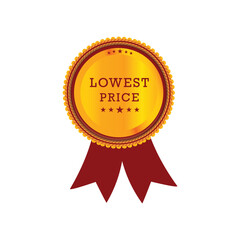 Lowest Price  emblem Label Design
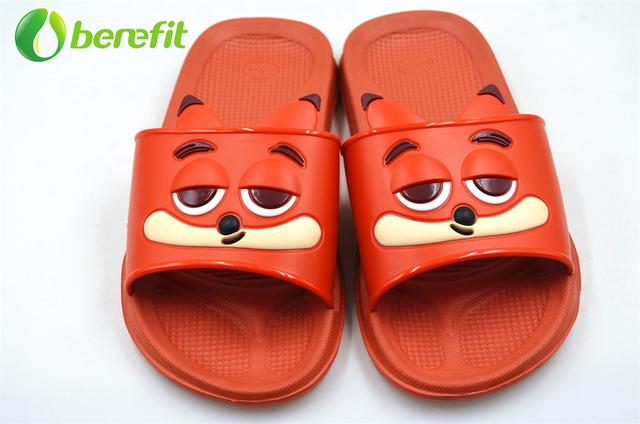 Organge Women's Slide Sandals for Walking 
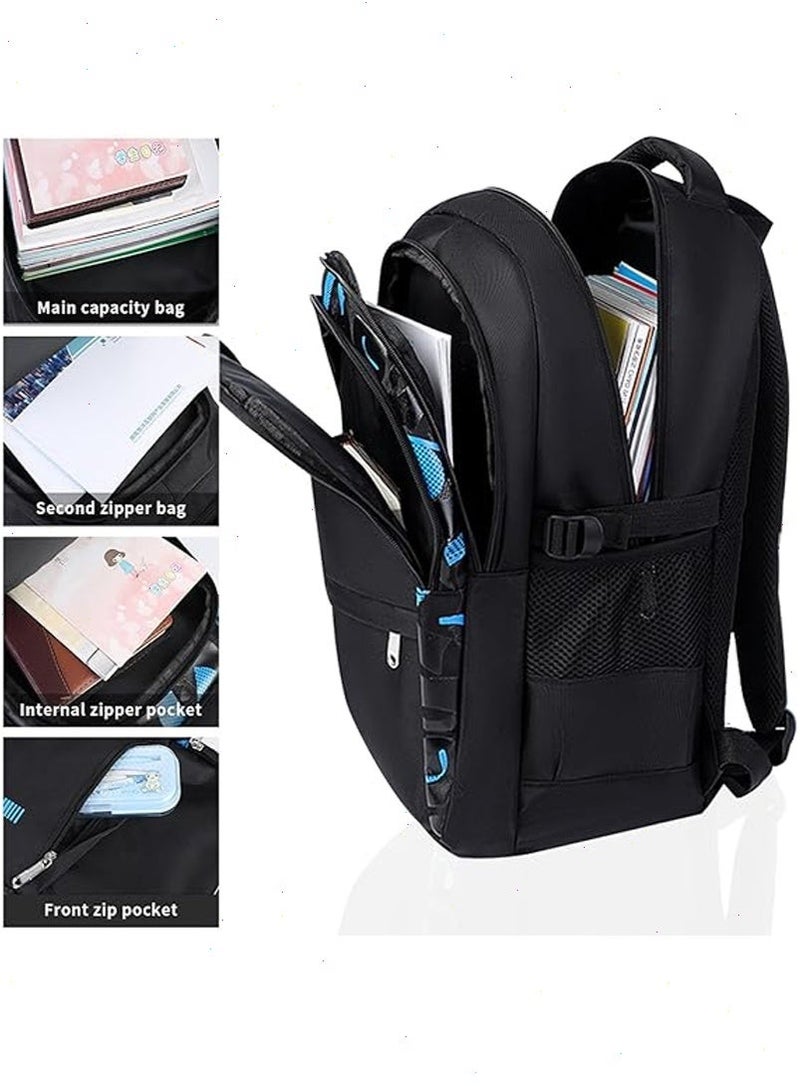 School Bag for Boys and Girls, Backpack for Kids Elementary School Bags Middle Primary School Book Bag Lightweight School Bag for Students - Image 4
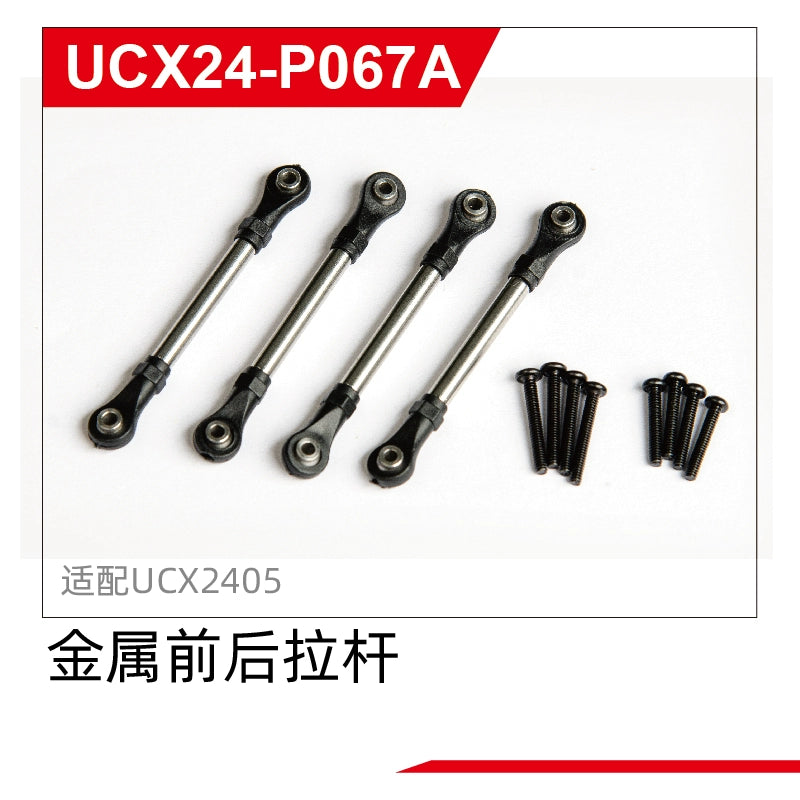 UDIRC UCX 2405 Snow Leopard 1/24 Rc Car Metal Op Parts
--
Reproduce the lines from the one with "School Bag for Boys" through the end of the data, keeping both end lines, adding nothing, and dropping any pictures.

RESPONSE:
 School Bag for Boys and Girls, Backpack for Kids Elementary School Bags Middle Primary School Book Bag Lightweight School Bag for Students - Image 4
 UDIRC UCX 2405 Snow Leopard 1/24 Rc Car Metal Op Parts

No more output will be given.